Romain Lepillé, maître de conférences en socio-géographie
UFR STAPS, laboratoire CETAPS
"J'ai obtenu la bourse olympique pour travailler sur le skateboard via une approche socio-géographique, c'est-à-dire une entrée par le territoire et notamment par les skateparks."
- Présentez-vous ! Quel est votre rôle au sein de l’université de Rouen Normandie ?

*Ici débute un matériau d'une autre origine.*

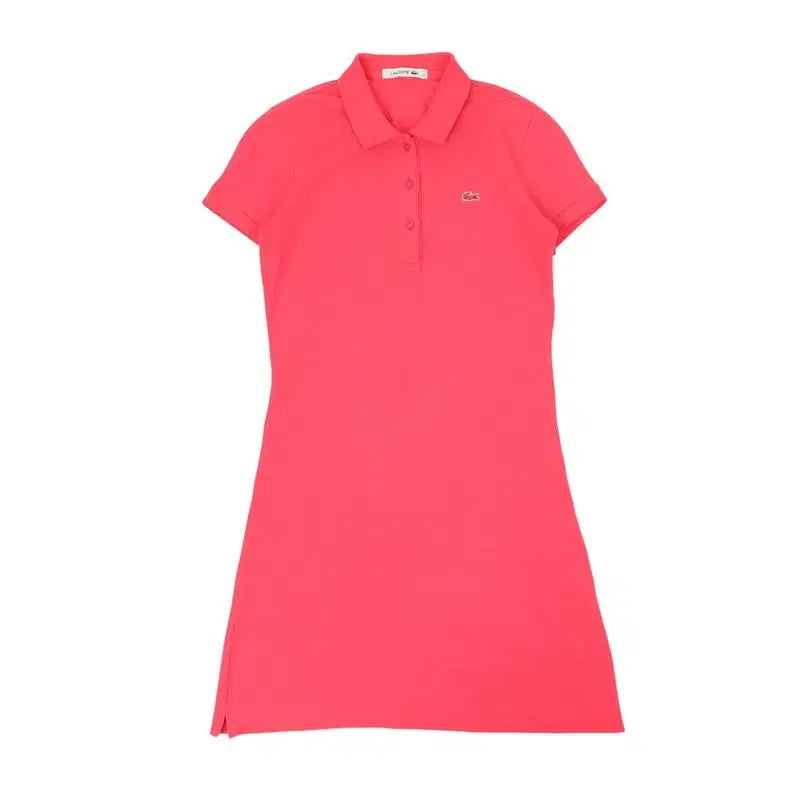 [BUNJANG] Lacoste Coral Pink Pique Polo Dress / 라코스테 코랄 핑크 피케 폴로 원피스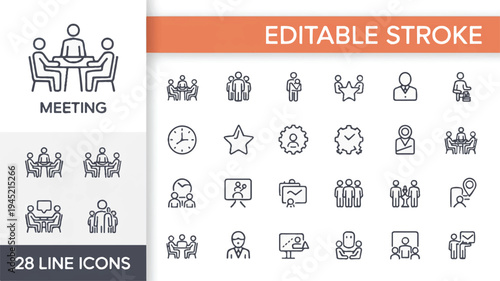 Set of linear icons for meetings and business collaboration, perfect for presentations and websites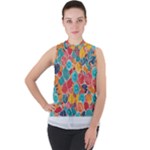 floral and leaves pattern Mock Neck Chiffon Sleeveless Top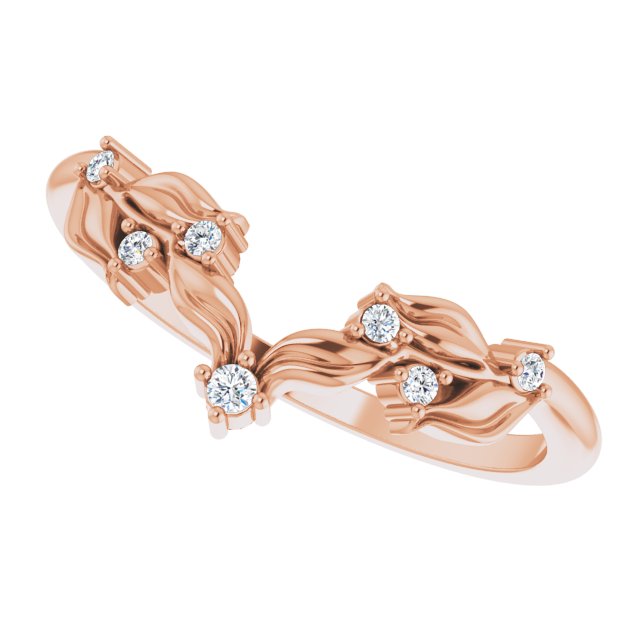 14K Rose .05 CTW Diamond Contour Band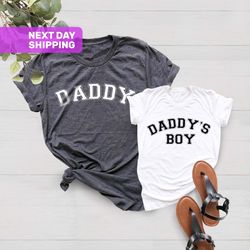 daddy and daddys boy college matching t-shirts, fathers day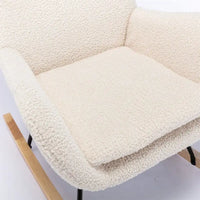 Fauteuil à bascule Teddy en tissu rembourré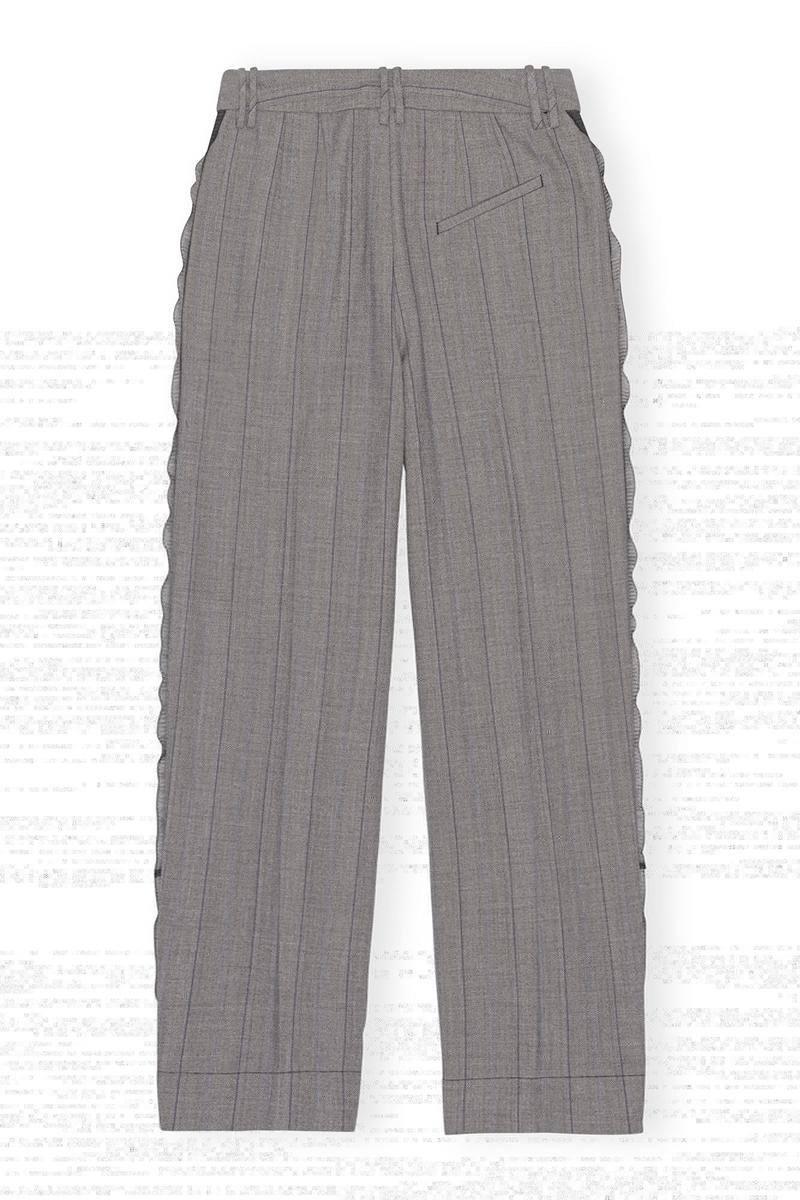 Ganni Herringbone Suiting Falten Hose Grau | JCEAM7359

Je m’appelle Romain Lepillé, je suis maître de conférences à l’UFR STAPS et je suis affilié au laboratoire CETAPS, le centre d’étude des transformations des activités physiques et sportives. Je suis enseignant-chercheur, ce qui veut dire que je passe 50% de mon temps sur la recherche et 50% de mon temps au niveau de l’enseignement. J’ai aussi un rôle administratif puisque je suis responsable de la licence professionnelle Gestion et Développement des offres de Services Sportifs et de Loisirs (GDO2SL). Aujourd’hui, nous nous retrouvons au skatepark de Mont-Saint-Aignan parce que j’ai obtenu la bourse olympique pour travailler sur le skateboard via une approche socio-géographique, c’est-à-dire une entrée par le territoire et notamment par les skateparks.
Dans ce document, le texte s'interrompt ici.